In the story's alternate future (nearly ten years later), after future Hibari defeats the Millefiore member Gamma, he trains the past's Tsuna. He also explains to Tsuna's group about the special boxes, which Hibari had been researching, having even started an organization called "The Foundation". After acting as a decoy when the Millefiore raids their base, Hibari infiltrates the enemy's Melone Base. He engages Genkishi in battle, but is replaced by his younger self in the midst of it. Though the past's Hibari is able to open a box weapon that releases a hedgehog, it goes berserk after injuring Hibari and expands its spikes at great speed, separating his group from Genkishi. After reuniting and returning to Namimori, Hibari encounters future Dino, who teaches him how to control his box weapon. He returns to join the others in the battle against the Six Funeral Wreaths, where he manages to defeat Daisy using his Vongola Box.

After returning to his own time, the arrival of the Shimon Family at Namimori results in him briefly clashing with one of its members, Adelheid Suzuki, who desired the disbandment of Hibari's Disciplinary Committee. When he attends Tsuna's Inheritance Ceremony, he is defeated by the Shimon's leader, Enma. Since his Cloud Ring is shattered in the fight, he acquires its upgraded form, the Vongola Gear's Bracelet of the Cloud Version X. When he arrives on the Simon Island, he proceeds to defeat Adelheid in battle and helped Tsuna in realizing what his pride is. During the battle against Demon Spade, Hibari engaged him alone, but then got sent into the illusionary world and trapped there for the rest of the duration of the battle.

Weeks after Demon's defeat, Hibari was invited by Reborn to join his team in the Representative Battle of the Rainbow, but Hibari refused because he had enough grouping from the previous battle at Simon Island. Instead, he accepted Fon's request to fight as his representative because Fon only ask Hibari alone without any other members as his representatives and he wishes to fight the other teams. During the second day of the battle, Hibari fights against Varia together with Fon, disqualifying Levi A Than, Lussuria, Belphegor, and Squalo. He survived Xanxus' attack until it reached the time limit, but Hibari was so dissatisfied with the unfinished fight that he destroyed his own boss watch so he can continue to fight outside the Representative Battle of the Rainbow. He later rejoined the fight against Team Bermuda in the last of the battle, fighting together with Mukuro against Jager after the other members were defeated. He and Mukuro defended Tsuna from Jager's attack, giving Tsuna the opportunity to defeat Jager.

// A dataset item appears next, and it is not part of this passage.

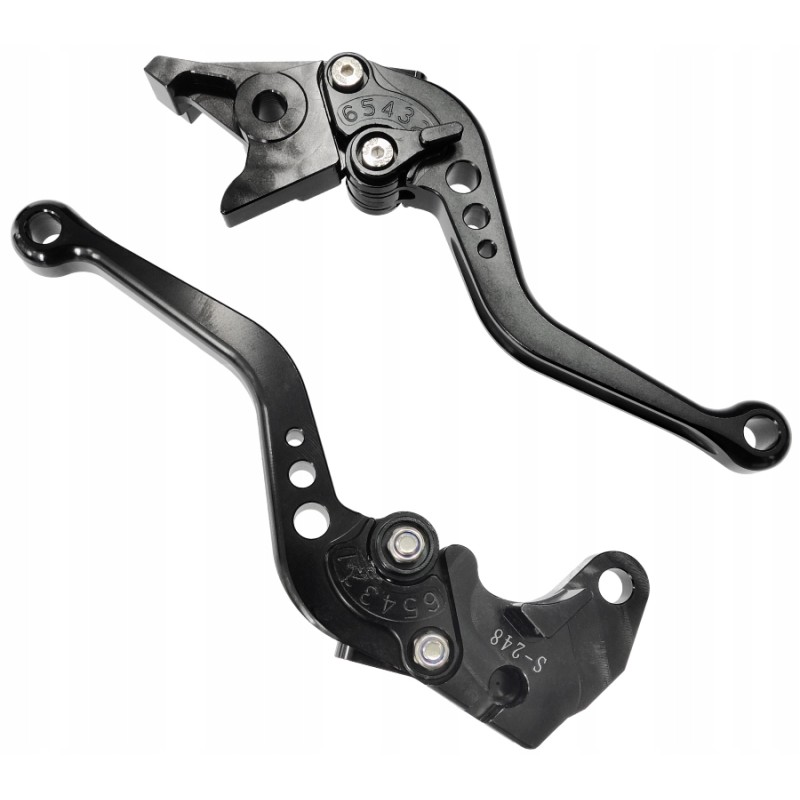 Suzuki clutch and brake lever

== Appearances in other media ==
Besides his appearance in the original manga series and its anime adaptation, Hibari has appeared in other Reborn! works, including all of the series' video games. In some games, his future self appears as a playable character. He also stars in one of the Hidden Bullet light novels called Extreme Memories, which is set before the start of the series. On November 7, 2007, Pony Canyon released a character CD entitled "Sakura addiction", which features the characters of Hibari and Mukuro. It contains duets and individual songs sung by both of their voice actors: Takashi Kondō and Toshinobu Iida. The song "Sakura addiction", which was sung by both voice actors, is used as the fifth ending theme for the anime series.

== Reception ==
Several pieces of merchandising based on Hibari's appearance have been released. These include key chains, action figures and cosplays. Hibari and Mukuro's character CD, "Sakura addiction", became the most successful Reborn! character CD, debuting in ninth place in the Oricon charts. The single reached its peak at seventh place, but remained in the chart's Top 40 till mid-January 2008. The second annual Seiyu Awards nominated both Takashi Kondo and Toshinobu Iida for "Best Musical Performance", but they did not win it. Hibari has been highly popular with the Reborn! reader base, ranking as the fourth most popular character with a total of 1769 votes in the official Shonen Jump poll of the series. In the second poll which was divided between heroes and villains, Hibari ranked as the second most popular hero losing to Tsuna Sawada. In the third poll of the series, Hibari ranked as the most popular male character, while in the fourth he ranked second, losing to Tsuna. In the fifth poll, he ranked as the second most popular overall character, while in the sixth, he ranks number one once again. As of 2008, the Japanese music distributor Recochoku had made two annual surveys of which anime characters people would like to marry. In both years, Hibari ranked number one in the category "The Character I Want to Be My Groom." In the Animedia character popularity poll, Hibari has been featured as from the 2nd and 4th most popular anime character as well as the 2nd highest male character.

Manga News noted that despite Hibari's introduced as an anti-hero, he is shown as a strong character who might become one of Tsuna's strongest allies thanks to this skills in combat. In another review, while liking the character, Manga News did not appreciate how Hibari and other supporting characters appeared in gag chapters. Although Sam Kusek from popcultureshock.com liked Hibari's fighting scenes in volume 9 from the series, he mentioned that the "real winners" were Tsuna and Mukuro Rokudo. While reviewing the Reborn! gashapon, Anime News Network's Rob Bricken commented he was confused why Hibari's figure is dressed as a policeman despite praising how it is done. In a review of a following arc, Manga News referred to Hibari as one of the most charismatic characters within the manga which generated positive response when he appeared to join the Vongola in the fight against the Varia. His next fight against Varia's Gola Mosca generated surprise to the reviewer due to how short it is due to Hibari defeating Mosca in only two pages which also shows a big impact in the characters.